The series of actions taken by FERC last month to boost supply and encourage construction of electric and natural gas transmission facilities in California and the West in the short term are “bold” and should be implemented, but the Commission also should consider expanding the scope of the actions to apply to wholesale power markets nationwide, said the Edison Electric Institute (EEI).

“…[T]he problems of the West could quickly emerge in other regions of the country within the next few months. For this reason alone, the Commission must be prepared to apply many of the proposals in the [March 14] order nationwide,” the EEI told FERC [EL01-47].

The Commission’s actions are “good first steps” to alleviate supply shortages in the West, but “we are persuaded that the problem is deeper, wider and of longer duration than the remedies proposed by the Commission suggest,” said the EEI, which represents investor-owned utilities.

“As industry observers have cautioned, [the] transmission infrastructure shortfall is a national problem not isolated to the western markets…” In light of the potential for problems elsewhere, particularly in the Northeast and Southeast bulk power markets, “the Commission needs to demonstrate strong policy leadership in this area, above and beyond the western-oriented proposals outlined in the order.”

EEI’s comments were in response to a March 14 order announcing a series of actions to offer customers short-term relief from the effects of the out-of-control wholesale power market that has engulfed California and spilled over to the entire western region. The actions included economic incentives to encourage construction of new power and natural gas transmission facilities in the near term; waivers of Commission regulations to boost supply; a proposal to shorten the depreciation to encourage investment in power transmission; and measures to reduce demand for electricity (See NGI, March 19).

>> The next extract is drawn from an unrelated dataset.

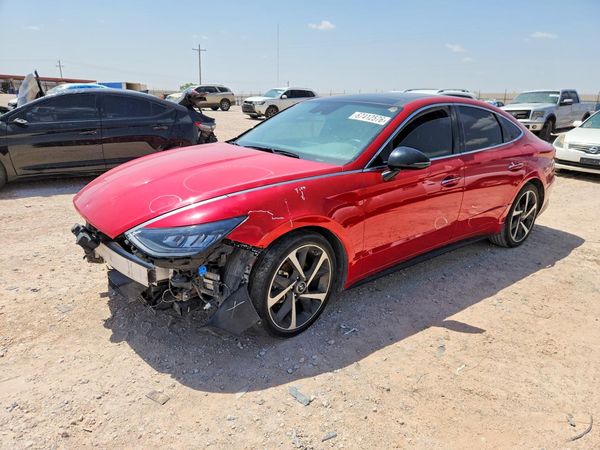 2022 HYUNDAI SONATA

In addition to expanding the scope of the Commission’s actions, the EEI called on FERC to develop similar actions for the long term to stabilize power markets. For instance, to encourage investment in new investment facilities, the group urged FERC to adopt over the next five to ten years a “substantial” return on equity (ROE) incentive across the board equal to at least the Commission’s proposed 11.5% provided for all jurisdictional transmission providers in the Western Systems Coordinating Council (WSCC), or to a current state-approved rate. It also suggested that the Commission “substantially shorten the depreciable life” to ten years for all new transmission facilities throughout the nation.

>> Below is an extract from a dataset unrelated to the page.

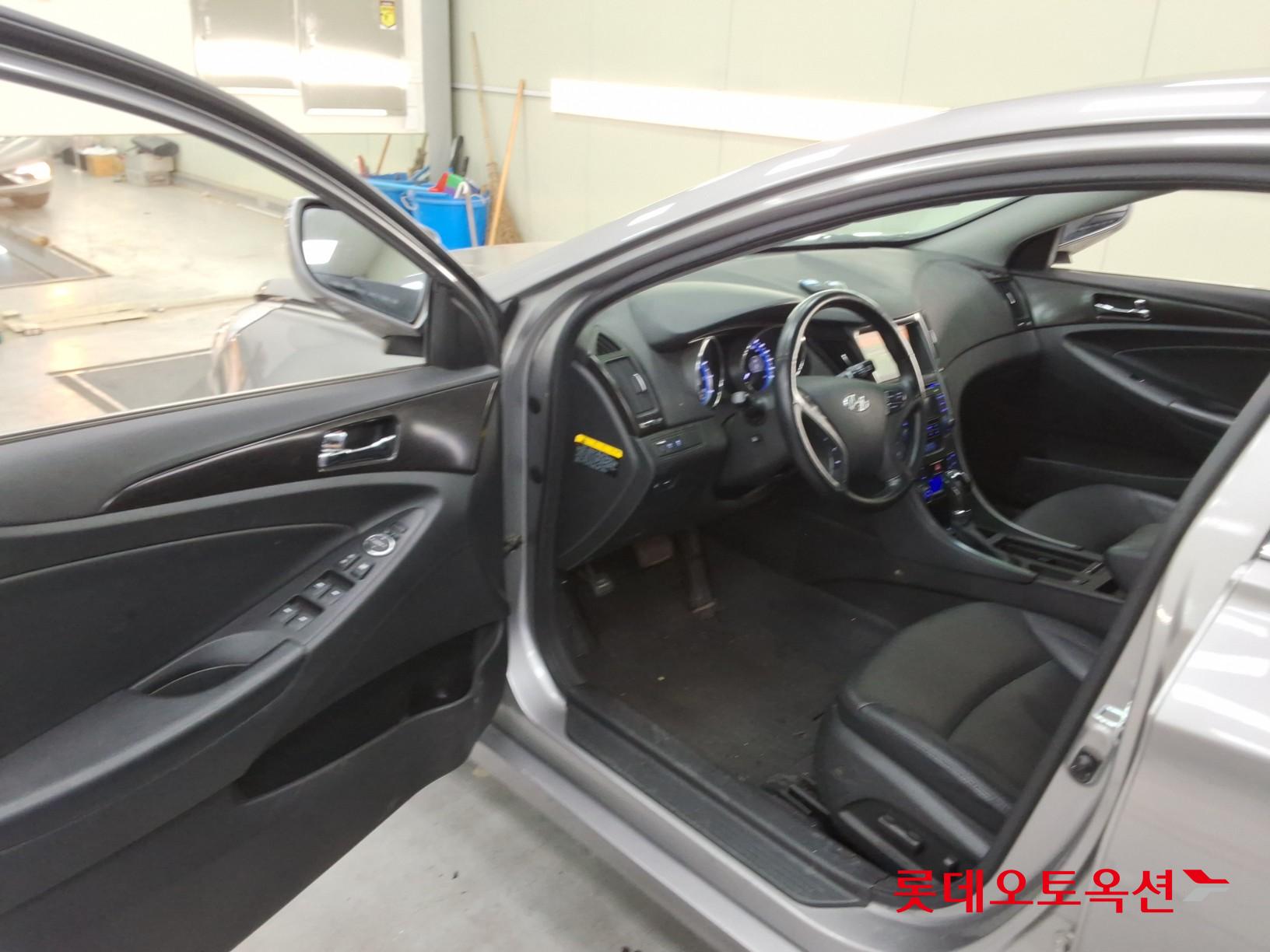 2013 - hyundai sonata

“Long-term measures need to be developed and implemented quickly nationwide not only to restore safe, reliable and economic power to the consumers in the West, but also to ensure that other similar crises do not emerge or prolong themselves elsewhere.”

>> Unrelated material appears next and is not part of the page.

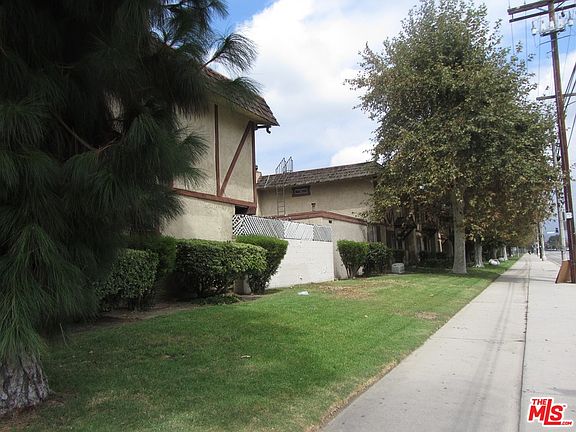 2nd image of 14333 Van Nuys Blvd Unit 23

The California Energy Commission (CEC) made clear that it wasn’t happy with FERC’s failure to initiate price controls on wholesale power transactions in the West as part of the order. Not one to give up easily, it called on the Commission “to either establish, or authorize the western states, working in cooperation with FERC staff, to prepare and submit a detailed and implementable price-control plan” as soon as possible to take effect this summer.

The CEC suggested that the Commission consider three options: 1) directly control prices in the Western Interconnection; 2) require all generators and others sellers in the region that have excess supply to enter into long-term contracts with load-serving entities that are short on meeting the demand of their customers; or 3) institute cost-based bidding in all regional markets.

“Each is an intrusion into the free market, but the western electricity markets are currently neither free nor competitive,” the CEC told FERC. “Imposing temporary caps or contracting requirements while the market becomes functional and competitive is a reasonable thing to do for a limited period of time.”

The California Electricity Oversight Board gave FERC high marks for its efforts, but it urged the Commission “to be cautious in its approach to providing transmission owners with economic incentives to construct” new facilities or upgrade existing facilities, given that some of the transmission owners already may be “obligated [by the state] to undertake the same [projects] absent such economic incentives.”

The California Public Utilities Commission (CPUC) raised similar concerns. “In California, the transmission companies are moving as quickly as possible, prodded by new state law and by the CPUC. A higher rate of return on projects…is unlikely to speed transmission construction up much,” the CPUC said. As Commissioner William Massey observed in his dissent on the March 14 order, “this proposal would result in an ROE of 14.5% for such projects, with no particular rationale, and no relationship to risk.”

The Electric Power Supply Association (EPSA) applauded FERC’s actions as well, but it called on the Commission to consider some additional measures: 1) allowing qualifying facilities (QFs) to sell power at negotiated rates to third-party buyers under existing interconnection arrangements; 2) streamlining the process so QFs can interconnect to the grid more quickly; 3) confirm that existing power purchase agreements (PPAs) for sales to western markets “will remain in full force and effect” in the wake of FERC’s emergency order; and 4) confirm that any revenues a QF receives as a result of a third-party sale will not reduce a utility’s obligation to that QF under existing PPAs.

Although the issue was not addressed in the March 14 order, the EPSA also called on the Commission “to take all possible steps to ensure that all suppliers are paid in full for energy sold in California.”